▶ **Work task**
Leave out the images and repeat the listing below without a single change.

──────── Data ────────

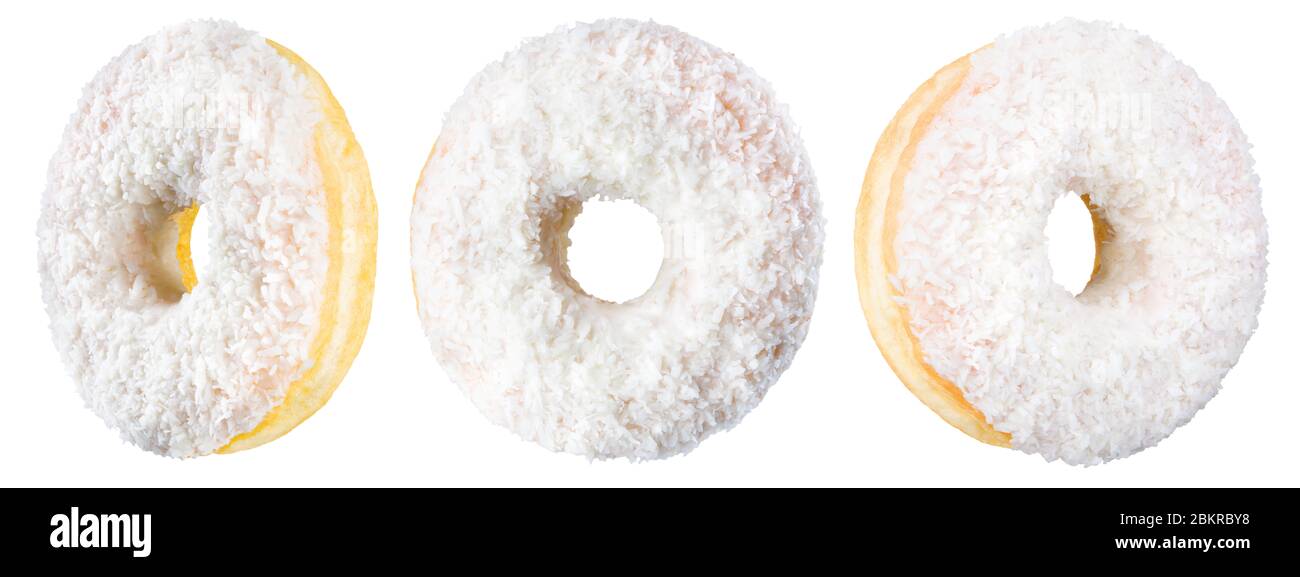 Set of glazed donuts with sprinkles on a white background Stock Photo ...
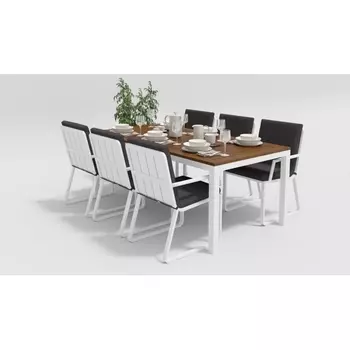 Обеденная группа Gardenini Bella (Алюминий,Ткань/Белый,Антрацит) DBLL.020520.C1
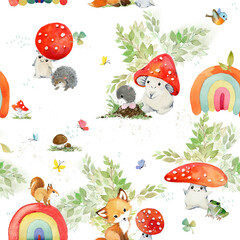 Mushrooms Woodland Animals watercolor forest illustration baby seamless pattern - 634696172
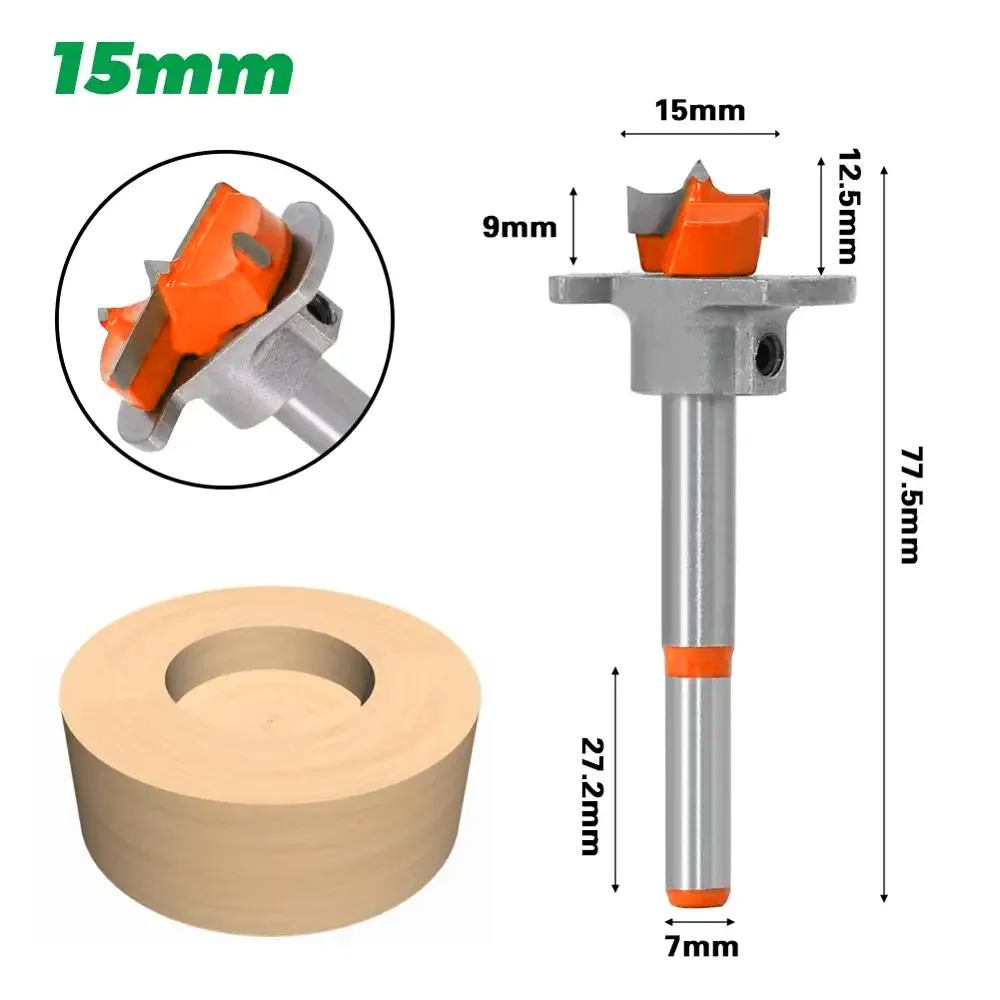 1pc Diameter 15,20,25,30,35mm Adjustable Carbide Drill Bits Hinge Hole Opener Boring Bit Tipped Drilling Tool Woodworking Cutter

────────

▶ **Result for this task**
 Set of glazed donuts with sprinkles on a white background Stock Photo ...
 Обеденная группа Gardenini Bella (Алюминий,Ткань/Белый,Антрацит) DBLL.020520.C1
 Mushrooms Woodland Animals watercolor forest illustration baby seamless pattern - 634696172
 1pc Diameter 15,20,25,30,35mm Adjustable Carbide Drill Bits Hinge Hole Opener Boring Bit Tipped Drilling Tool Woodworking Cutter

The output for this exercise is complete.